Am liebsten würde ich ja mal einen ganzen Sommer in London verbringen. Ein verlängertes Wochenende ist für diese Stadt einfach nicht ausreichend. Wenn man erst einmal weiß, wo es was gibt, und welche Stadtteile einem gefallen, dann kann man fern der klassischen Sightseeing Spots einen Eindruck erhalten, wie es sich wohl in London leben lässt. Eine Wohnung in London werde ich mir wohl niemals leisten können, doch das kulturelle Angebot wäre definitiv ein Pluspunkt für die Metropole an der Themse.

Immerhin gibt es in London etwa 200 Museen. Und alle buhlen um Besucher und möchten sich mit Sonderausstellungen gegenseitig übertreffen. Erstaunt war ich, dass zahlreiche Museen in London kostenlos sind. In Deutschland habe ich oft das Gefühl, Kunstausstellungen seien einer gewissen Elite vorenthalten. Jenen, die sich einen Eintritt zwischen von 10 bis 20 Euro regelmäßig  leisten können.

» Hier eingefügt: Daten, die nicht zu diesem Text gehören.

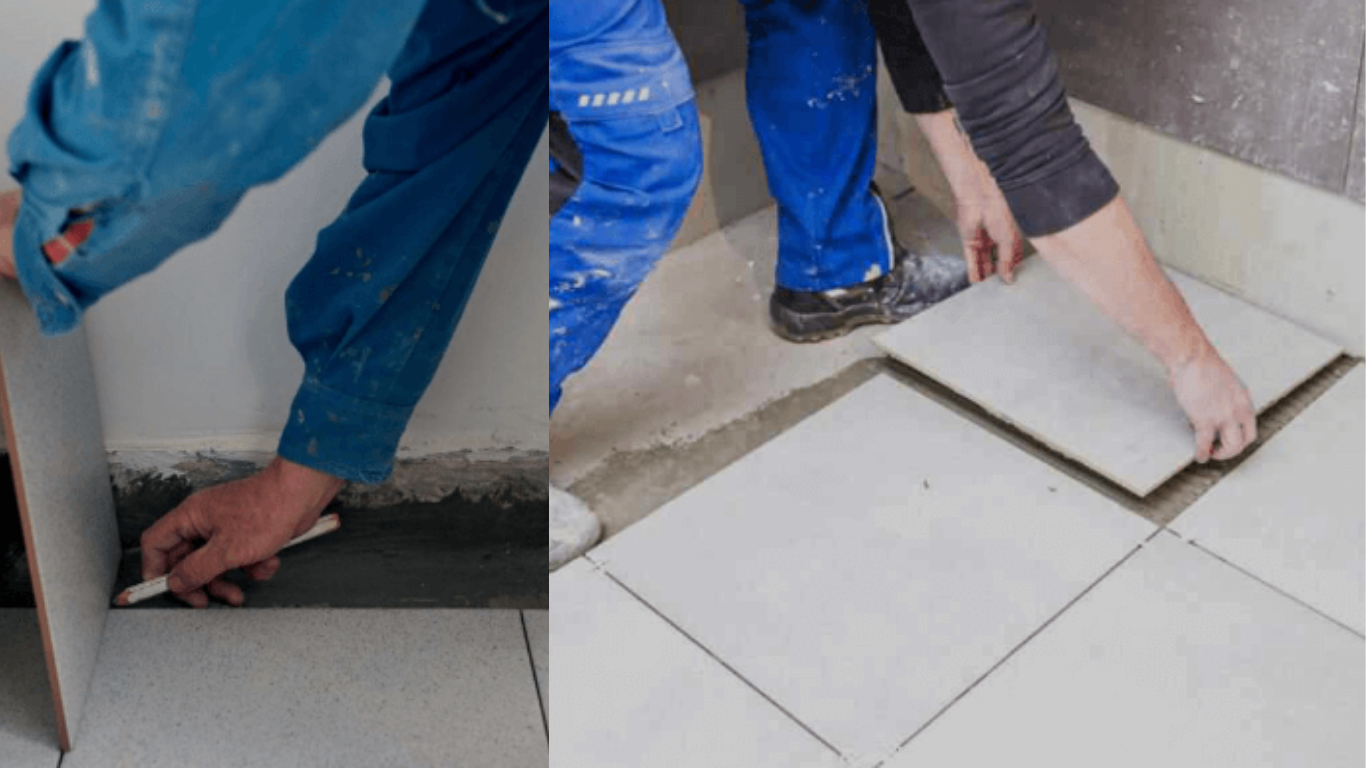 Cleaning ceramic tiles before sealing to remove dirt and stains.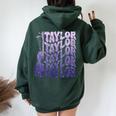 Girl Retro Taylor First Name Personalized Groovy 80'S Purple Women Oversized Hoodie Back Print Forest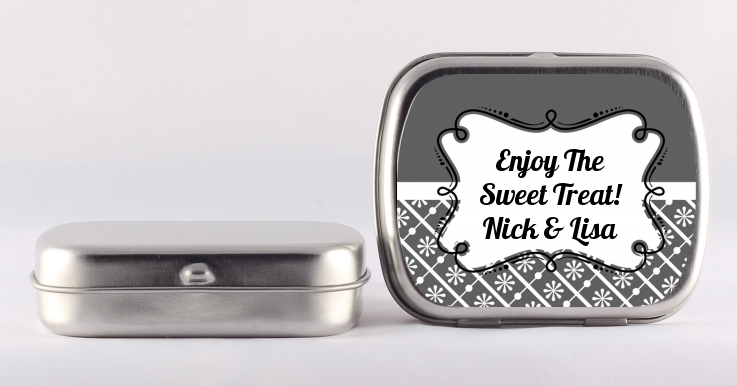 Modern Thatch Grey - Personalized  Mint Tins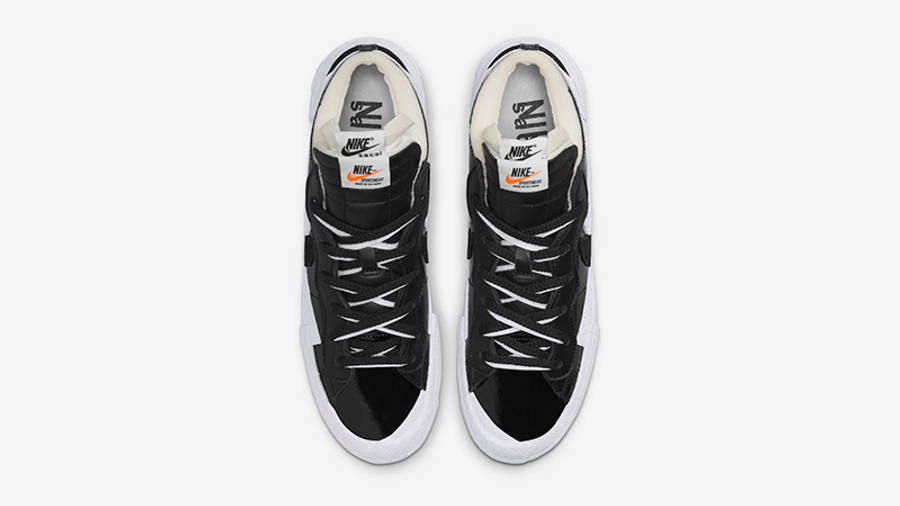 sacai x Nike Blazer Low White Black Patent DM6443-001 Top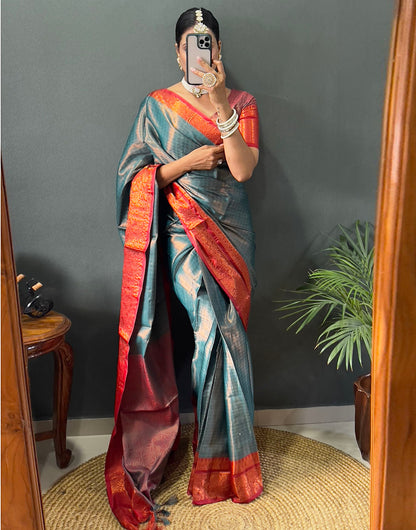 Rama Blue & Red Banarasi Silk Saree With Weaving Work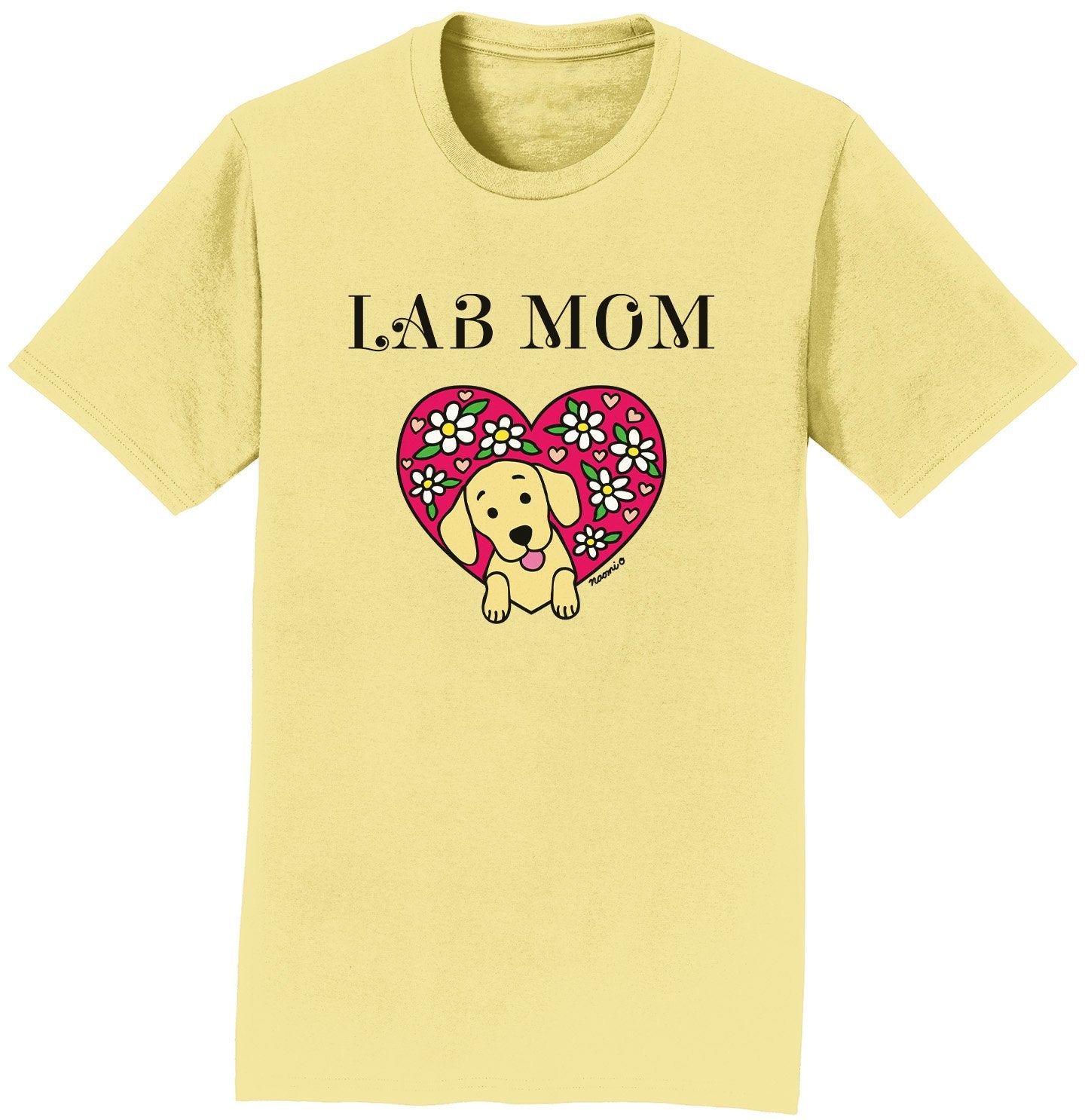 Flower Heart Yellow Lab Mom – Adult Unisex T-Shirt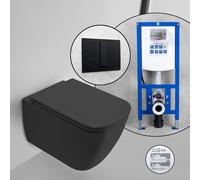 Scarabeo Teorema 2.0 Pack complet cuvette suspendue et bâti-support neeos,, 5126CL49BK+16791BM#SET,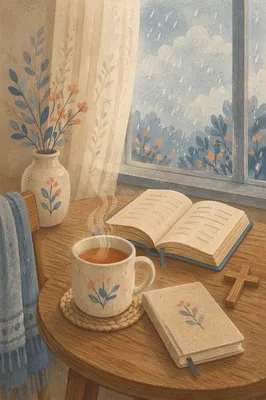 Tea and Open Book by Window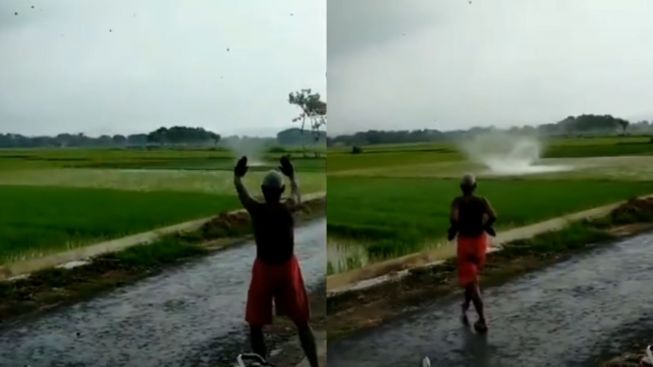 Kocak! Aksi Aki-Aki Coba Kendalikan Angin Puting Beliung, Publik: Avatar Turun Tangan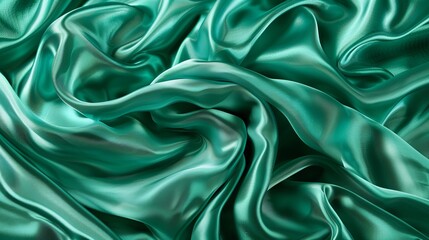 Obraz premium Background texture and pattern featuring green emerald silk fabric, adding complexity and structural elegance, ideal for designs, wallpapers, and posters.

Aber in London: Da kann man sich einfach mal einem langen Museumstag mit anschließendem Afternoon Tea gönnen oder am Wochenende losziehen, um sich archäologische Exponate, moderne Kunst oder Klassiker der Malerei anzuschauen.

Warum mir Kunst wichtig ist

Beim Betrachten von Bildern kann man darüber sinnieren, was das Bild darstellen soll, welche Symbole versteckt sind und warum es überhaupt entstand. Ein tolles Rätselspiel.

Ich fand den Geschichtsunterricht in der Schule wirklich nicht prickelnd. Mit dem Schulfach tat ich mich schwer. Teilweise Stupides auswendig lernen von Zahlen war nicht so mein Fall. Erst durch die Kunstgeschichte erkannte ich gesellschaftliche, politische und ökonomische Zusammenhänge. Die bildhafte Darstellung der Menschheitsgeschichte war mein Zugang zur Historie.

Schnell war mir klar, dass ich auf jeden Fall Kunstgeschichte studieren muss. Na ja, Zahlendreher habe ich trotzdem manchmal drin – doch ich weiß, wo ich nachschlagen muss, um die richtigen Infos zu erhalten.

Du merkst: Bei einem Museumsbesuch, fährt mein Kopf Achterbahn und ich liebe das Gedankenkarussel in meinem Kopf. So ein Museumsbesuch eignet sich auch hervorragend als erstes oder zweites Date. Traumhaft! Denn Du kannst gleich mal testen, wie viel Fantasie und Beobachtungsgabe Dein Gegenüber hat.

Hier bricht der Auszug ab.